Home > Blogs

How I’m drawing inspiration from my older running heroes who recently passed

When one writer feels her age is becoming a factor in her running, she looks at the older running heroes who paved the way

Ed Whitlock
Ed Whitlock
Ed Whitlock at the Dec. 10, 2016 “mob match” between the Ranelagh Harriers and the South London Harriers.

Running is a lifelong sport. It’s a beautiful statement in its simplicity.

Unfortunately, it can be far too easy to lose sight of this as we often get caught up in our runners minds obsessing about paces, upcoming races, and placing pressure on ourselves to arbitrarily meet certain times by certain dates.

Over the past few weeks, there have been a handful of news items, and personal events in my life, that have served to remind me that there’s no clock on my running career. I can run competitively for as long as my body allows me to. The word competitively is important here, because running for me is both a meditative activity and an outlet for my competitive nature.

RELATED: VIDEO: A tribute to Ed Whitlock

Some of my most frustrating times as a runner have come when I slip into the trap of believing my days of competing are going to be over before they even begin. It’s a defeatist mindset, and it’s not true, but on those bad days this thought gets to me. I’m learning to dismiss those negative thoughts as I see more and more evidence of runners kicking butt well into their later years.

Harriette Thompson, for example, started running in her seventies and at 92 years of age, she became the oldest woman to ever run a marathon – that’s remarkable, as is her character. She passed away on Oct. 6 in Charlotte, N.C. after falling down a flight of stairs while delivering presents to a retirement community. The kind of vigor, kindness and passion that she lived with is a model for us all.
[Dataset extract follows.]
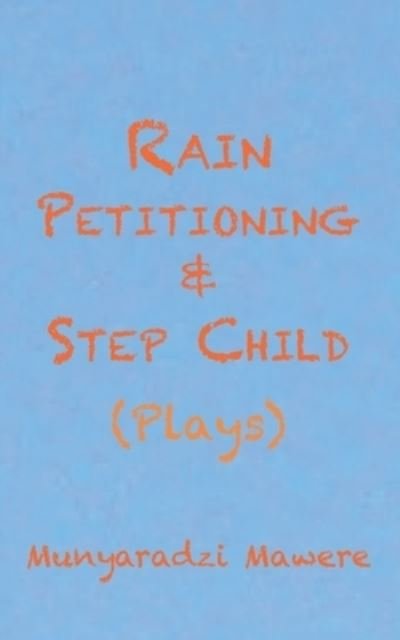 Cover for Munyaradzi Mawere · Rain Petitioning and Step Child (Taschenbuch) (2013)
Then we have the great Canadian runner, Ed Whitlock, who passed away in March just after his 86th birthday. His life was celebrated at the Scotiabank Toronto Waterfront Marathon this past weekend with pace groups set for the times of his monumental races. Ed was a competitive, committed man. He religiously trained and took to the streets of Toronto and beyond to race with all of his heart. He set numerous world records, including running a 2:54:49 marathon at the age of 73. He’s the only person to ever run under three hours, over the age of 70.

I looked up to him in a similar way as I admired my grandfather, who passed away this year as well. I’ve written about him a couple of times in this blog, and I find myself returning to thoughts of him again. He was a fierce competitor, and he ran for as long as his body allowed him to (my guess he ran beyond even what his body really allowed – just because he was that intense). I was fortunate to come across one of his running journals while at his home in Santa Barbara, California earlier this month – where family gathered to say goodbye.

It has been a joy to read through his running journal. I’ve drawn a lot of inspiration in seeing his commitment to getting the most out of himself in his later years. His journal reflects mine, and probably most journals of competitive runners. It has his paces, miles, goal races, and scribbled notes recording how he felt on any given date. How cool is that? The idea of being that focused, and loving the sport that much into my latest of years is completely uplifting.

These runners, who have recently passed away, leave behind their legacies; giving us hope for what’s to come. I can’t help but to smile when thinking someday I’ll be that “old lady who’s running all time.”